Work order - The expected answer holds every line from the first line of the data below through the line containing "BLACK CROPPED FAUX LEATHER BIKER JACKET", exactly as written, and no other line.

Items listed in a dataset -
□ □ □ □ □

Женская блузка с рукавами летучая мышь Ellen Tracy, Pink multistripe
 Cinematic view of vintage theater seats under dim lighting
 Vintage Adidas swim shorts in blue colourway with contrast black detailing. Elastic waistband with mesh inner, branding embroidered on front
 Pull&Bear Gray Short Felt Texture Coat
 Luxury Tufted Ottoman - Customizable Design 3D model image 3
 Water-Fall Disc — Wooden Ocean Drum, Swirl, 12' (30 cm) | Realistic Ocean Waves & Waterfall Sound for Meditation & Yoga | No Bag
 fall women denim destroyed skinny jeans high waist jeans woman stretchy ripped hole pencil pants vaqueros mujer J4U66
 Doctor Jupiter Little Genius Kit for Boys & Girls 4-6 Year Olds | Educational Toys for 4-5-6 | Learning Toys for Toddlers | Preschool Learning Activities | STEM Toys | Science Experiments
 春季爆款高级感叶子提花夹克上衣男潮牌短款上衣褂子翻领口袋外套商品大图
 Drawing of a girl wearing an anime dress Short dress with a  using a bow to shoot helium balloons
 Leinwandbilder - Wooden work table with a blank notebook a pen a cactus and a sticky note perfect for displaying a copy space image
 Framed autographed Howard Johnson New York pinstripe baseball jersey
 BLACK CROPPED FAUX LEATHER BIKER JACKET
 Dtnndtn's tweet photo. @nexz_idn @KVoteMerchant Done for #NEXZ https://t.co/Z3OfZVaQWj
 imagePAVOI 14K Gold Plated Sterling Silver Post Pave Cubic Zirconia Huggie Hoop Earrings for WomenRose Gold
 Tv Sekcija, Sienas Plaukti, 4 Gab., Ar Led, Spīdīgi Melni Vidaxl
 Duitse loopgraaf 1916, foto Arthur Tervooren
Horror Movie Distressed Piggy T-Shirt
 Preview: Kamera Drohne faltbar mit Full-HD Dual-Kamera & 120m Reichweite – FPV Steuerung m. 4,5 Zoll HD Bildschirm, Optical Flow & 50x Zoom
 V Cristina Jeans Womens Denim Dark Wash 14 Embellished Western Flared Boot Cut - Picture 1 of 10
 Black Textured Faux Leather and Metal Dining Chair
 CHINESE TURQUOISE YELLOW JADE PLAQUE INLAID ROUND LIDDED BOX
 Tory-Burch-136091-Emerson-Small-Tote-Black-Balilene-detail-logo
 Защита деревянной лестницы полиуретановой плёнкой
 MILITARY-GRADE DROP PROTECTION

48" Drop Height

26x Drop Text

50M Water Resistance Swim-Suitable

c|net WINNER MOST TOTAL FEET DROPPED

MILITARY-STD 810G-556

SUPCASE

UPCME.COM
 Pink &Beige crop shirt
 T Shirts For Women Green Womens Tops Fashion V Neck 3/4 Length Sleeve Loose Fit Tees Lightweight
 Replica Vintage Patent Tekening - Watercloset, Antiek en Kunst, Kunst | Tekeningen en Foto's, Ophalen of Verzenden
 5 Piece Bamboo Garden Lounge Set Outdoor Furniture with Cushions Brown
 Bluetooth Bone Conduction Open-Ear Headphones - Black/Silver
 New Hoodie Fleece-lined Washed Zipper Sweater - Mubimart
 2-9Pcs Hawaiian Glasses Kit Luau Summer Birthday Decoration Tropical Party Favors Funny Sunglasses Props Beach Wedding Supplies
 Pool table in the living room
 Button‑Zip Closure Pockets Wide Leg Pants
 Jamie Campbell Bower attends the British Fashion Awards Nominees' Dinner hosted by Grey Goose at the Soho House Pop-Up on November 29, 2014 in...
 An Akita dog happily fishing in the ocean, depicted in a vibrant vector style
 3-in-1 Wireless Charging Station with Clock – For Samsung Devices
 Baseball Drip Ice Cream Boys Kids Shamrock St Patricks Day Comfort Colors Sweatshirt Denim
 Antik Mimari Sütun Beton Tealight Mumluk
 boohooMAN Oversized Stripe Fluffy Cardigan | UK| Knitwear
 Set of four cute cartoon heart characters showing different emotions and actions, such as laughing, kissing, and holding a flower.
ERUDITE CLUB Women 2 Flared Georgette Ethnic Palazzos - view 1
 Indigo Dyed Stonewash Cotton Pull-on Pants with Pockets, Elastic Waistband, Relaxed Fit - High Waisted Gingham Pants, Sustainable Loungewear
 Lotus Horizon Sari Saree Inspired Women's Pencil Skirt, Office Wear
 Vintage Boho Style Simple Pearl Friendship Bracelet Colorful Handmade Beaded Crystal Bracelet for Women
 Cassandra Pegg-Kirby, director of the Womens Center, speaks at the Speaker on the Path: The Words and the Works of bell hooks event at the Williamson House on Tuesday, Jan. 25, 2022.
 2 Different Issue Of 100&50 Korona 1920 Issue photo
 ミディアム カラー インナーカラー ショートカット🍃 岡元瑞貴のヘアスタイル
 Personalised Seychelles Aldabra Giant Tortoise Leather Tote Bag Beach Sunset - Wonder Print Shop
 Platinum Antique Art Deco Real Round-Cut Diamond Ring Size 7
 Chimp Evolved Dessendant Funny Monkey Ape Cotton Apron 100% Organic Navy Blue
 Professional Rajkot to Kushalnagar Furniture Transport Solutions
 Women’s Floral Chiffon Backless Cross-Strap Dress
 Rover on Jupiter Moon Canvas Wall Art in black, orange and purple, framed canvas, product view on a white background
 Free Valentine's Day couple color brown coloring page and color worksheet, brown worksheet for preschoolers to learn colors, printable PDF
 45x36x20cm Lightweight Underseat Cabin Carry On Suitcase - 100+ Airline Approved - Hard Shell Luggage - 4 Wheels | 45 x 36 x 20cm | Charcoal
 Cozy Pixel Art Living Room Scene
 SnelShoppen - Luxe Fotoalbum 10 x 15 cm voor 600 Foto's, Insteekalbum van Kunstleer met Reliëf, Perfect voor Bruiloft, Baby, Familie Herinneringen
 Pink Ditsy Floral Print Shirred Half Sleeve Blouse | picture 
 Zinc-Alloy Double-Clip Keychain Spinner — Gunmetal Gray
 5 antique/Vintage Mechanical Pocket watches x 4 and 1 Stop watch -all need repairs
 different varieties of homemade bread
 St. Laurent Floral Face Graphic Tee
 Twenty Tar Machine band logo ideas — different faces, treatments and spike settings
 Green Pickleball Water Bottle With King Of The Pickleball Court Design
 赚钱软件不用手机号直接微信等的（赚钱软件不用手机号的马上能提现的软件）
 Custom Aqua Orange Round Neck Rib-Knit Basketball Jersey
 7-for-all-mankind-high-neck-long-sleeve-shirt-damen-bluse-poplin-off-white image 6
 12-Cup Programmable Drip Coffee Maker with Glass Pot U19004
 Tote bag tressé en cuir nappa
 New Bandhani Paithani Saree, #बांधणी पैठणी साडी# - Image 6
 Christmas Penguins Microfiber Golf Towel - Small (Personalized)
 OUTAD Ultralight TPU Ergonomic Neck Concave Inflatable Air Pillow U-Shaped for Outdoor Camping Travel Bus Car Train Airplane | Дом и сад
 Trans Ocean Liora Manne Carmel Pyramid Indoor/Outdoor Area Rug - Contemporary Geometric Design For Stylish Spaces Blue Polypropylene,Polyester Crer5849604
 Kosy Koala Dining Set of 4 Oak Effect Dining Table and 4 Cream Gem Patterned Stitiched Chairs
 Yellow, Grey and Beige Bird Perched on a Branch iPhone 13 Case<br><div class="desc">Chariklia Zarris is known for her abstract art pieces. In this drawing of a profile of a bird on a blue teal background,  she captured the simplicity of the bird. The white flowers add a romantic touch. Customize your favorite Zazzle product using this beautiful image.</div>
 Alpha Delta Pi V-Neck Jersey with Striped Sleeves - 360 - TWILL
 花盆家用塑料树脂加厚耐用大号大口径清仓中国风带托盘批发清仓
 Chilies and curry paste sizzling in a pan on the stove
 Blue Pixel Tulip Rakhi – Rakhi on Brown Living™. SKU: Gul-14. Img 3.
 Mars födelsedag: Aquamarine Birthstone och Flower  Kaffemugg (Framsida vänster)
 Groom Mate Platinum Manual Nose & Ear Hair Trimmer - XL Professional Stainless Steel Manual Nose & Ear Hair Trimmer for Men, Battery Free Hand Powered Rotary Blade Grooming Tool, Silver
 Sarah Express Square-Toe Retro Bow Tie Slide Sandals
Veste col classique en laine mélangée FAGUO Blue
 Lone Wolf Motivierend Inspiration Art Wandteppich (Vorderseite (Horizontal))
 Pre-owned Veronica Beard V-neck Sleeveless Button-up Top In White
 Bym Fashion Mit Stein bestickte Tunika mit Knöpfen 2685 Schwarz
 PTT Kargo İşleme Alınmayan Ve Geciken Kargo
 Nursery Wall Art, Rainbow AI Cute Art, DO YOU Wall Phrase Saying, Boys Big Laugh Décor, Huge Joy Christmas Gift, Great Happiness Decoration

□ □ □ □ □

Answer area -
Женская блузка с рукавами летучая мышь Ellen Tracy, Pink multistripe
 Cinematic view of vintage theater seats under dim lighting
 Vintage Adidas swim shorts in blue colourway with contrast black detailing. Elastic waistband with mesh inner, branding embroidered on front
 Pull&Bear Gray Short Felt Texture Coat
 Luxury Tufted Ottoman - Customizable Design 3D model image 3
 Water-Fall Disc — Wooden Ocean Drum, Swirl, 12' (30 cm) | Realistic Ocean Waves & Waterfall Sound for Meditation & Yoga | No Bag
 fall women denim destroyed skinny jeans high waist jeans woman stretchy ripped hole pencil pants vaqueros mujer J4U66
 Doctor Jupiter Little Genius Kit for Boys & Girls 4-6 Year Olds | Educational Toys for 4-5-6 | Learning Toys for Toddlers | Preschool Learning Activities | STEM Toys | Science Experiments
 春季爆款高级感叶子提花夹克上衣男潮牌短款上衣褂子翻领口袋外套商品大图
 Drawing of a girl wearing an anime dress Short dress with a  using a bow to shoot helium balloons
 Leinwandbilder - Wooden work table with a blank notebook a pen a cactus and a sticky note perfect for displaying a copy space image
 Framed autographed Howard Johnson New York pinstripe baseball jersey
 BLACK CROPPED FAUX LEATHER BIKER JACKET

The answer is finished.